Page 1 of 1

Generate sequence number using parallel job

Posted: Sun Jun 18, 2017 11:19 am
by rish0201
I want to generate sequence numbers starting from 1 every time the job run.
Number should be generated in sequence without gaps in 4 node job.

Thing i have already tried
1) (@inrownum - 1) * @numpartitions + @partitionnum + 1
The above formula only works in 2 node.

2) Column generator - It creates gaps between numbers in 4 nodes and the numbers are not in sequence.

3) Surrogate Key - It takes the last highest value and starts from there. I want it to start from 1 for each job run. Is there any way to reset the key ?

Any suggestions is welcome.

Thanks in Advance.

Posted: Sun Jun 18, 2017 6:23 pm
by ray.wurlod
In what way does the given expression "not work" with four nodes?

Posted: Wed Jun 21, 2017 3:02 am
by rish0201
In 4 nodes the numbers are not generated in sequence. It leaves gaps in between.

Posted: Wed Jun 21, 2017 7:08 am
by Mike
Did you use round robin partitioning method?

Mike

Re: Generate sequence number using parallel job

Posted: Wed Jun 21, 2017 7:51 am
by chulett
rish0201 wrote:I want it to start from 1 for each job run.
Then it would seem you do not have a need for any kind of surrogate key 'generator' but simply need a counter. At its most simple, you could use a stage variable for that, initial value of zero, increment for each record... as long as you handled the partitioning properly.

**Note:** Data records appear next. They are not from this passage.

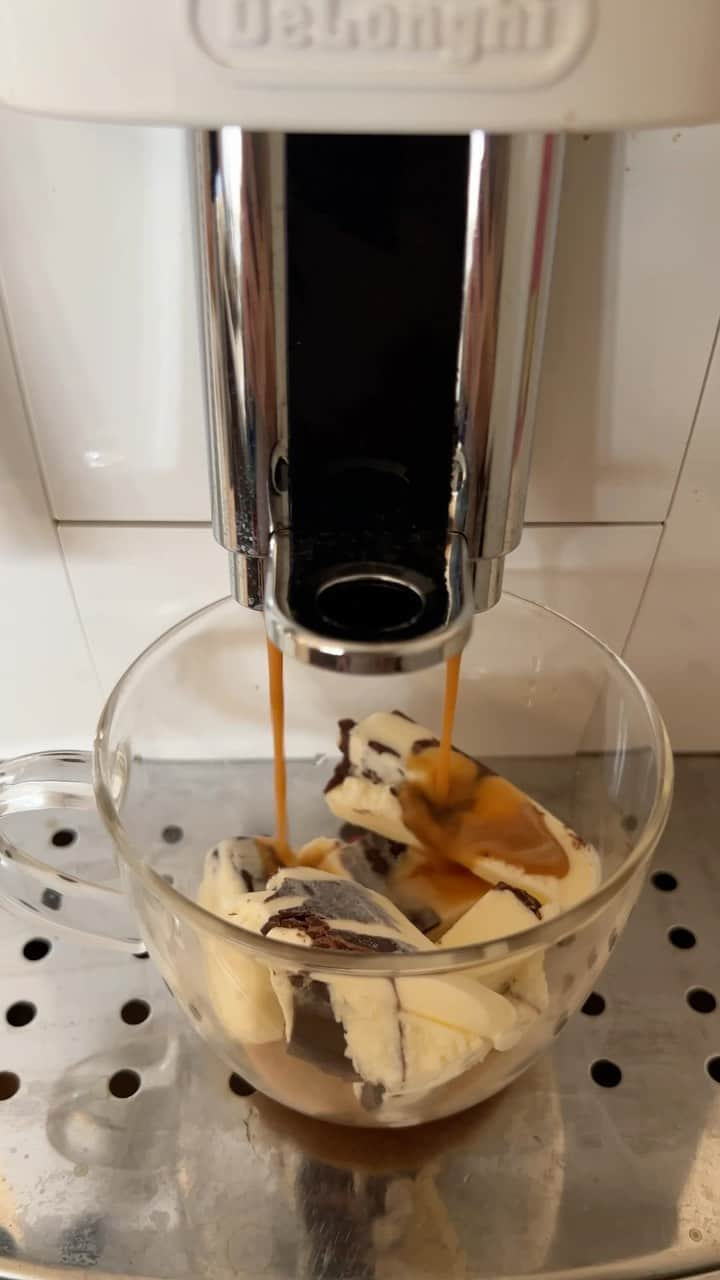 tappy1119のインスタグラム：「シャトレーゼのチョコバッキーで アフォガード☕️🍨  #delonghi #delonghicoffeemachine  #デロンギコーヒーメーカー  #デロンギのある暮らし  #シャトレーゼ #チョコバッキー #おうちカフェ」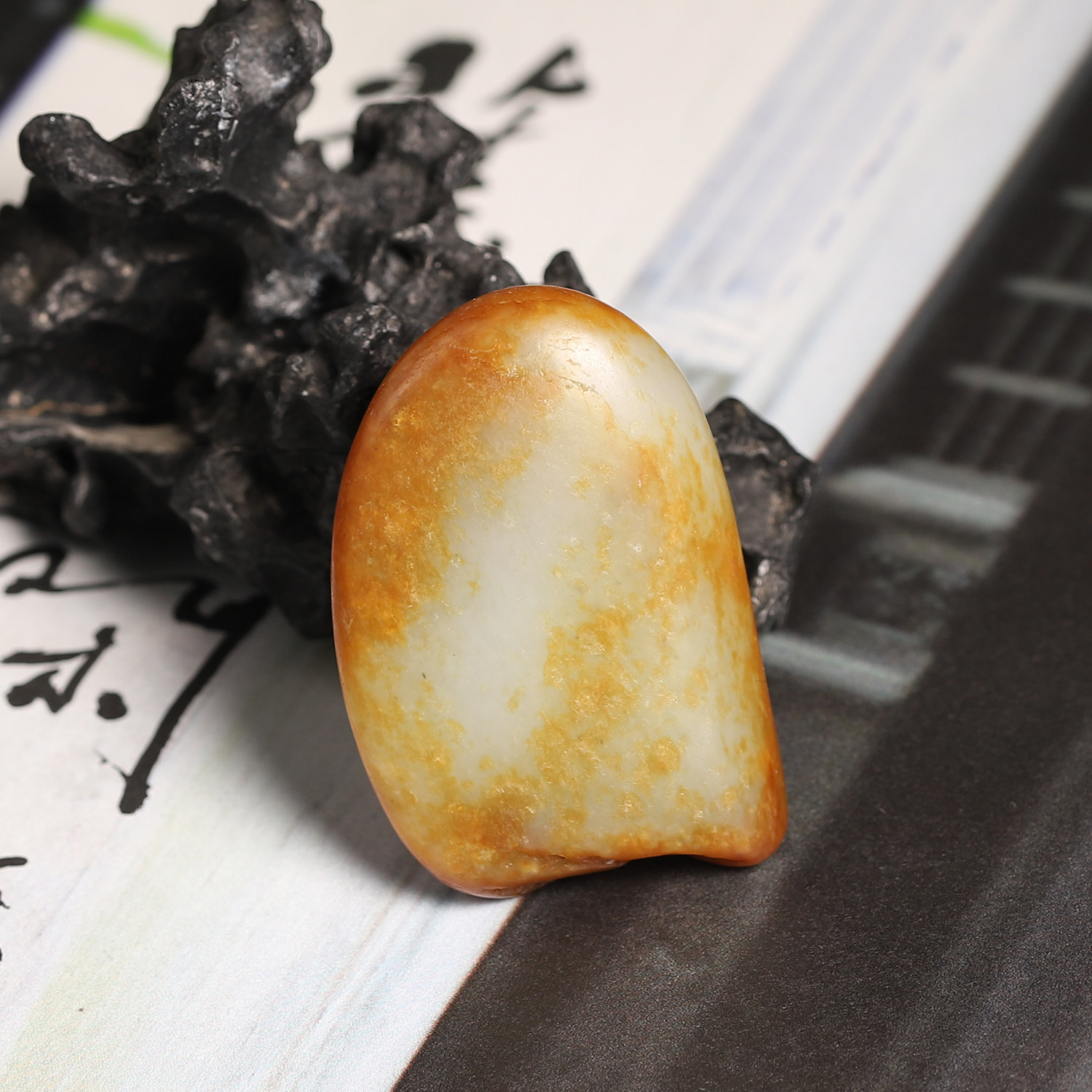新疆天然和田玉籽料洒金红皮无修独籽原石牌子形吊坠带鉴定证书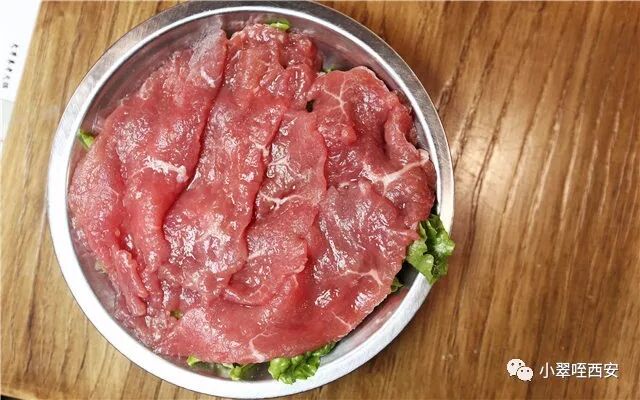 高新这个破房子里再现家庭老火锅的辉煌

Re: Generate sequence number using parallel job

Posted: Thu Jun 22, 2017 4:59 am
by Neelabh
As inferred by @Mike as well this method requires data to be evenly distributed across all partition hence it works well with Round Robin partitioning. If not it will generate sequence with "gaps" (i.e. what you are observing).

Use other methods as suggested by craig.

1) Use Stage variable.

2) If source is seq. file stage generate row number.

3) If database use row_number function.

4) Enable transformer stage to run on a single node and use @INROWNUM

Posted: Thu Jun 22, 2017 5:45 am
by boxtoby
Hi,

You weren't far out with your original idea.

Here's what I use: (@PARTITIONNUM+1)*10 : @OUTROWNUM

Use @OUTROWNUM rather than @INROWNUM to aviod problems with funnel stages etc.

Hope that helps!

Cheers,
Bob.